E tutto questo egli soffre con tale magnanima costanza, che mentre standogli attorno noi non possiamo rattenere le lacrime alla vista degli acerbi e crudelissimi dolori che lo dilaniano, solo egli guarda impassibile, qual se fosse d'un altro, il suo corpo straziato da tanti tormenti, e costringe gli astanti ad ammirare stupefatti un tal prodigio di pazienza in uomo di carni delicatissime, cresciuto fra le mollezze, e per colmo di dolore e di sdegno (se all'uno e all'altro ei piegasse l'animo forte) giovane ancora degli anni e robusto, ed usato ad esercitare le membra in faticosi e lunghi viaggi, nei travagli della guerra, nel maneggio delle armi, e nelle giostre cavalleresche. Interroga quelli che notte e giorno gli stanno d'accanto, e udrai da loro come non solamente sempre asciutto le ciglia, ma sereno l'aspetto, mai non gli sfugga dal labbro un gemito, un lamento, e solo si oda ripetere: «Di molti beneficii mi fu liberale il Signore: e se a tanto di bene mescer gli piacque quest'unico male, nessuna ragione io m'ho di lagnarmi di lui, al quale per tanti e tanti favori debbo esser grato. Sia dunque benedetto il nome di Dio.»
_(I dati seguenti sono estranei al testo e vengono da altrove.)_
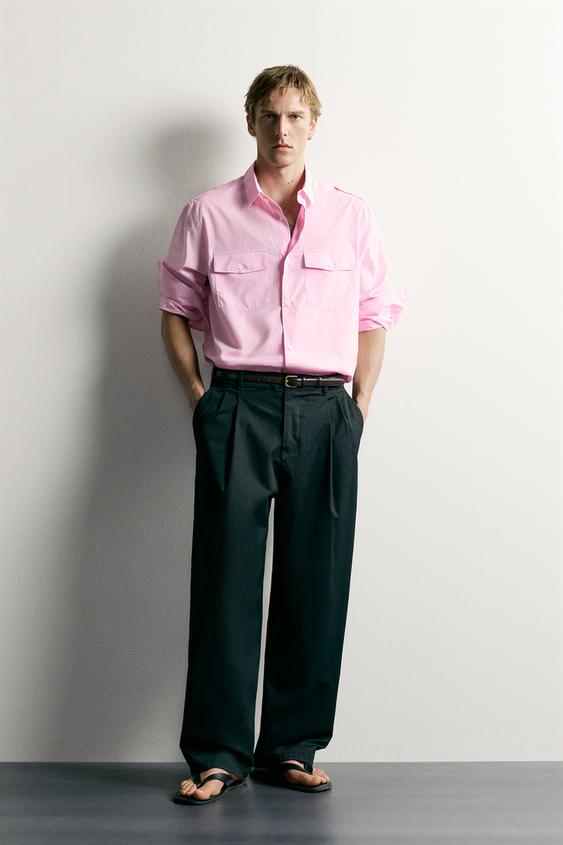 RELAXED FIT SHIRT WITH TABS - Pink by Zara - Image 0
Oh! degno invero per mio giudizio che in premio di mansuetudine e di fortezza sì grande sortita avesse più prospera la salute: se non che forse Iddio nella imperscrutabile sua prescienza tutte librando le cose, soventi volte i mali del corpo ordina alla salute dell'anima. Né sola in lui si pare fra tanti tormenti la pazienza, ma fan di sé bella mostra ad un tempo la magnanimità, la costanza, la provvidenza, la vigilanza, la liberalità, la moderazione negli eventi felici, l'intrepidezza ne' casi avversi, e quel ch'è più mirabile in tale stato del corpo, e fra tante minacce e tanti rivolgimenti della fortuna, un animo invariabilmente uniforme e operoso nell'intendere alle più nobili cure, che proprie sono di chi regna. Dal quale esempio mirabilmente si conferma, e si pare ad evidenza quello che disse il Romano Imperatore Settimio Severo, essere necessaria a chi comanda la testa, e non i piedi.
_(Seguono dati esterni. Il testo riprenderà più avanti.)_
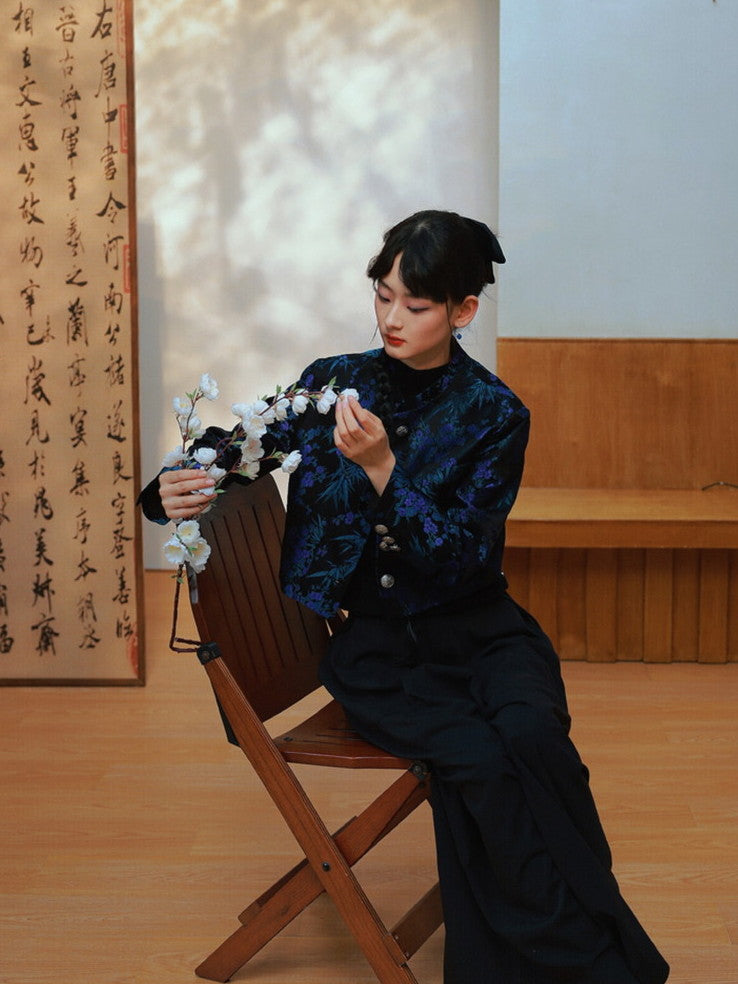 Embroidery Retro Flower Glossy Chic Jacket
Piacquemi intrattenerti alcun poco parlando di lui, che entrambi amiamo, vorremmo entrambi veder risanato, e cui porgiamo tu coll'arte tua quanto ad umano ingegno è concesso, io quello che solo per me si può, aiuto di caldi voti e di fervide preci. Né mi parve fuor di proposito il ragionarne un po' per le lunghe, e perché ad entrambi egli è caro, e perché l'esempio di lui acconcio tornava al mio discorso. Conciossiaché d'onde è a dirsi che nasca tanta diversità, che l'uno con femminile intolleranza non sappia sopportare i piccoli mali, e l'altro con fortezza più che virile talleri i più gravi tormenti, se non da quella forza dell'opinione, di cui noi parliamo, per la quale stima quegli il dolore essere la più grande delle umane miserie, e questi crede che solo dell'animo si può essere infelice, e che chi questo non piega è invulnerabile; onde avviene che questi accidenti, cui va il corpo soggetto, altro non sono che malagevoli esercizi della virtù per sua natura delle difficili cose appetente, ed aliena dalle piacevoli. Finalmente da questa stessa cagione deve ripetersi che alcuni incontrano lieti e tranquilli quella morte da cui la maggior parte degli uomini aborre e rifugge: perché cioè, se la morte uguale è per tutti, diversa è la opinione degli uomini intorno a lei.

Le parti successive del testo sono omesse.